Sunday, February 18, 2007

A Garlic Press, Spatula, Cookie Sheet … and a Pillow

What's the common element here? No, they’re not part of a new trend to cook while snoozing. Nope. Each was at one time a treasured companion to one of our boys. The cookie sheet even had a name: Dorge (George, for those of us who prefer not to communicate in baby talk).

The pillow is now the current favorite. Buddy is a travel pillow that I bought for #2 son when I enrolled him in preschool. The pillow was nameless back then and has been over the intervening 5 years. It’s only in the past week that it resurfaced, was named, and now has pride of place wherever my son happens to land.

Don’t get the idea that we didn’t provide toys for our boys—not at all. They had fun, educational toys and books and puzzles. So why is it that children sometimes glom on to the oddest things and make them their own? I’m guessing that it comes from the same region of the brain that prompts them to go to “kid work” (i.e., play under the bed covers, sometimes yelling at a lazy worker) and invent imaginary children of their own.
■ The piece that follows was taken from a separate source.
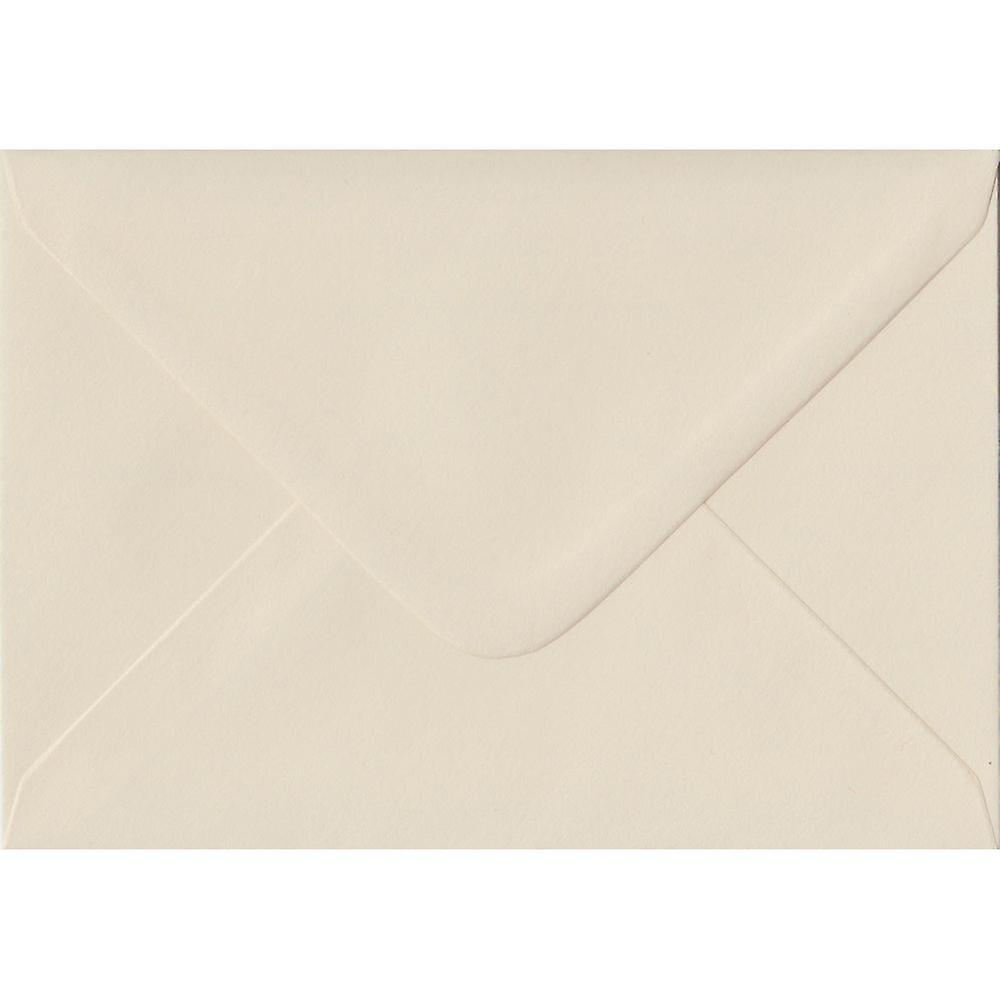 ColorSono Vanilla Gummed C7/A7 Coloured Pale Cream Envelopes. 130gsm FSC Sustainable Paper. 82mm x 113mm. Banker Style Envelope. 25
For a period of time, I was grandmother to five grandchildren, three of whom were named Joey, Maurice, and Francesca. The first time they appeared, I just sat on the couch, bemused, while my preschool-aged son chased his kids around the house, threatening them with grandma (me). Interestingly, my grandkids' appearance seemed to be prompted by my rare moments of rest. I guess mom in chair = kids (or grandkids) acting up.

These days, #1 son, who is in junior high school, enjoys hanging out in his room, listening to a book on CD and playing with his junk collection. This kid has odd bits of metal that he’s accumulated over the years. They become generals and soldiers, warriors and beasts, and always fight the good fight. Today three of them went to a friends house to be trained in the latest combat techniques. (See? It's not just my kids.)

We’ve given up trying to understand the “why’s” of our boys, because the reasons why they do the things they do don’t really matter. What does matter is the “wow” they get when their imaginations meet the mundane and make magic happen.